Oh, man. What parent hasn’t uttered those words at one point or another? When the little one is literally bouncing off the walls and out of control a time out works wonders. It allows the little tornado the chance to sit and reflect on their actions and perhaps gain a new perspective before they head on down the road of their next tirade.
So, how are you doing? Do you need a time out? Do you wish that someone would put you in the corner and set a timer for 5 minutes?
Let’s face it. Sometimes our writing lives are spinning so fast we can barely keep up. Project deadlines loom, grumpy or demanding phone calls are fielded and at times it is way too much. I’ve felt like I was bouncing off the walls before. I’ve felt like it was all too much and I really could not see a way out.
Please consider this to be permission to give yourself a time out.
When I reach the point that I know I’m not going to be able to juggle it all much longer, I give myself a time out. Sometimes it’s just a day where I say, “You know what? Screw this. I’m goin’ fishing.” Guess what. The work is still there when I return, but now I have a whole new perspective. My batteries are charged and I’ve got a “bring it on” attitude.

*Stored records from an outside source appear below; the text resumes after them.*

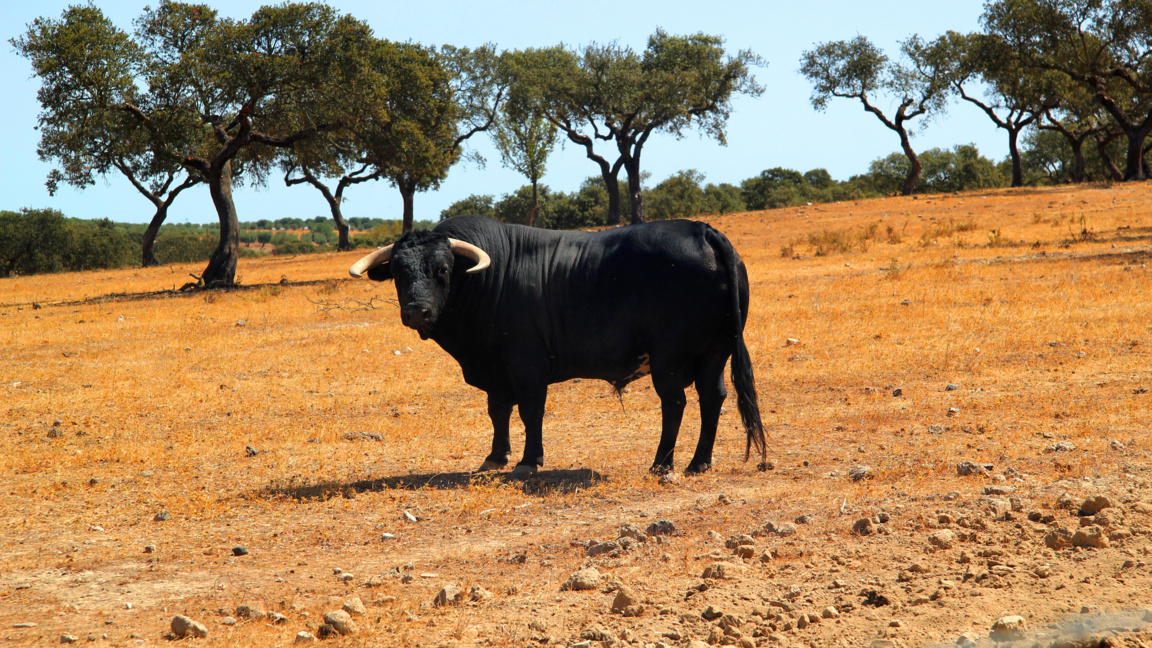 Шестте бика, преминали границата с РСМ, ще бъдат върнати на стопаните им
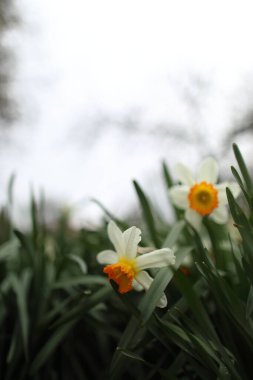 Bahar bahçesinde beyaz narsisler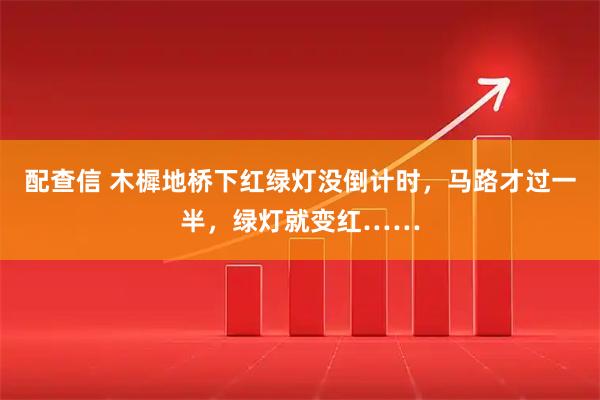 配查信 木樨地桥下红绿灯没倒计时，马路才过一半，绿灯就变红……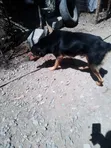 Male Rottweiler Mix, 1+ Year Old - 1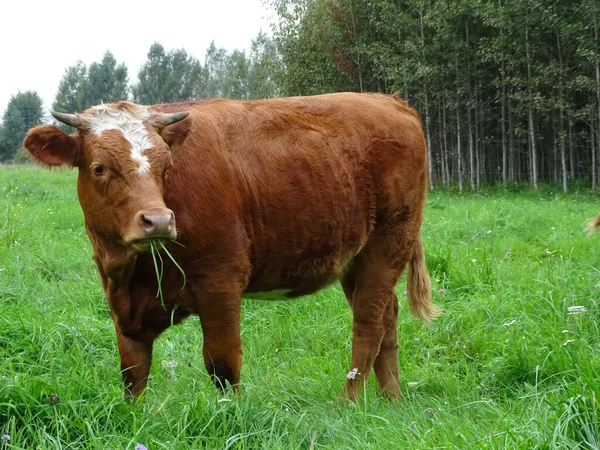 Uma Visão Natural Vaca Marrom Pastando Campo Verde Letônia — Fotografia de Stock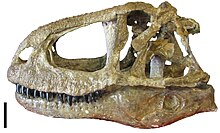 Reconstructed skull of Abelisaurus comahuensis, with bones from the type specimen Abelisaurus skull.jpg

Sometimes more than a day is needed. I’ve been there too. I’ve taken as much as a week where I’ve barely opened the laptop. It hurts financially and the folks over at VISA are tres unhappy with me when I pull such a stunt. Life goes on though, and I know I’ll recover.
It’s important for you to know that when you are checking out, you don’t need a lengthy letter of explanation and excuse to every client. A short notification to clients is enough. Don’t even do a blog post about it. Nothing is more boring or irritating than a post whereby a person lists all of the reasons they are going away (or have been away for that matter). No excuses! Just do it! If you’re going to take Vienna then take Vienna!
Taking time to reflect, recharge and relax will move you much more forward in your writing then will 18 hour days filled with caffeine and nicotine (I prefer like, 5 or 6 hour days filled with caffeine and nicotine). You are going to find that when you return from your hiatus your vision for projects will be much more clear and you will be ready to take on most any challenge that presents itself.
I am curious to know. How many of you have just disappeared off the writing radar for a while? Where there any long term consequences? Were you in a better place to write when you returned? Oh, and how many points did your credit score drop?